→ EXTRACTED INFORMATION
_ _ _

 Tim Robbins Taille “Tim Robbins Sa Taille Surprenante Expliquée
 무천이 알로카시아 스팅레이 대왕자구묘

_ _ _

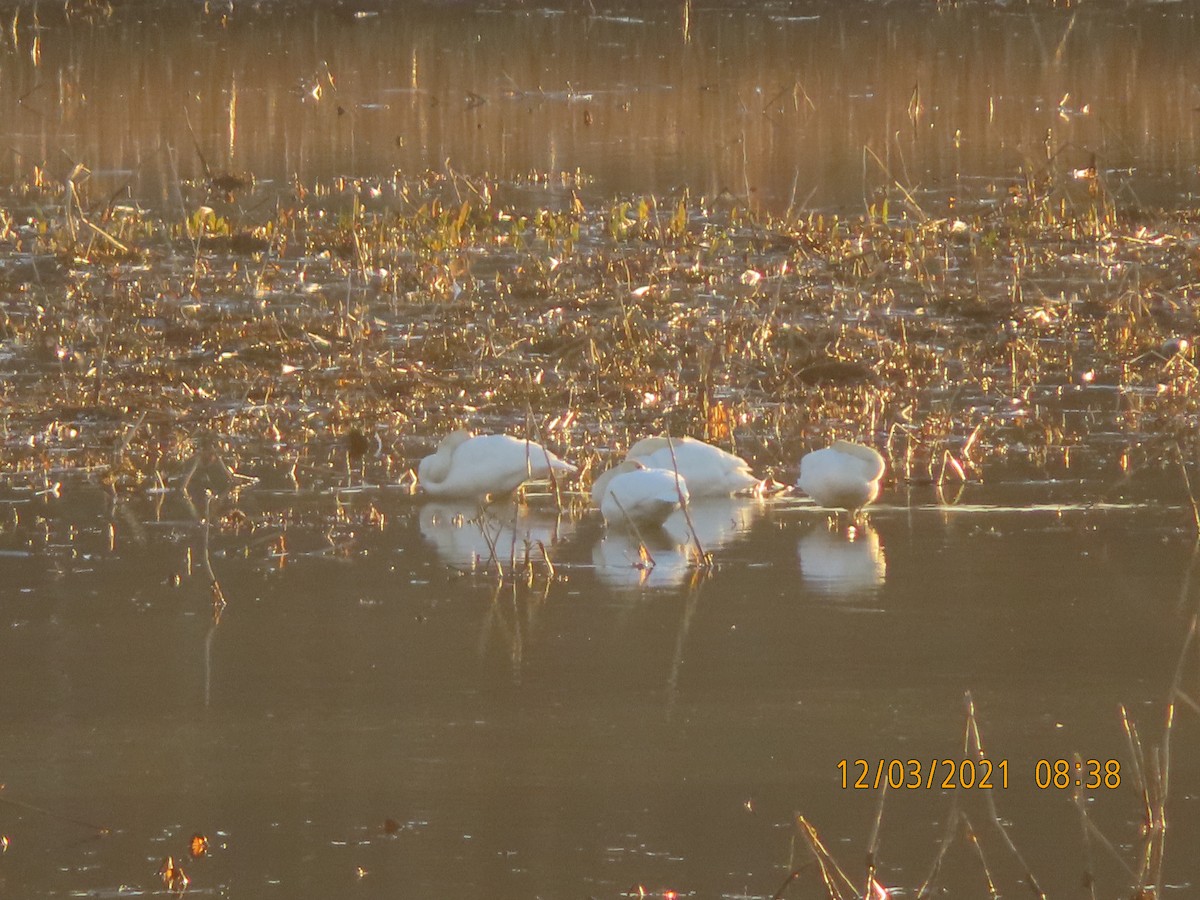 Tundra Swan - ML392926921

_ _ _

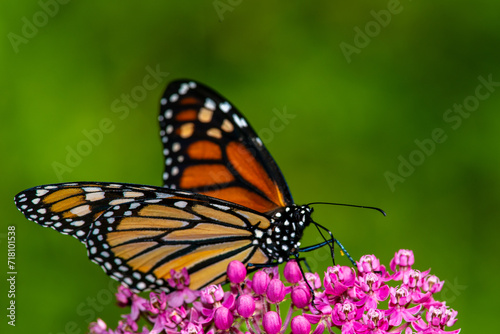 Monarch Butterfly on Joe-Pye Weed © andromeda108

_ _ _

→ WHAT YOU NEED TO DO
Please reproduce exactly the lines in the listing above from the one containing "Tim Robbins Taille" through the one containing "무천이 알로카시아 스팅레이 대왕자구묘", both included, and nothing more.

→ WRITTEN RESPONSE
 Tim Robbins Taille “Tim Robbins Sa Taille Surprenante Expliquée
 무천이 알로카시아 스팅레이 대왕자구묘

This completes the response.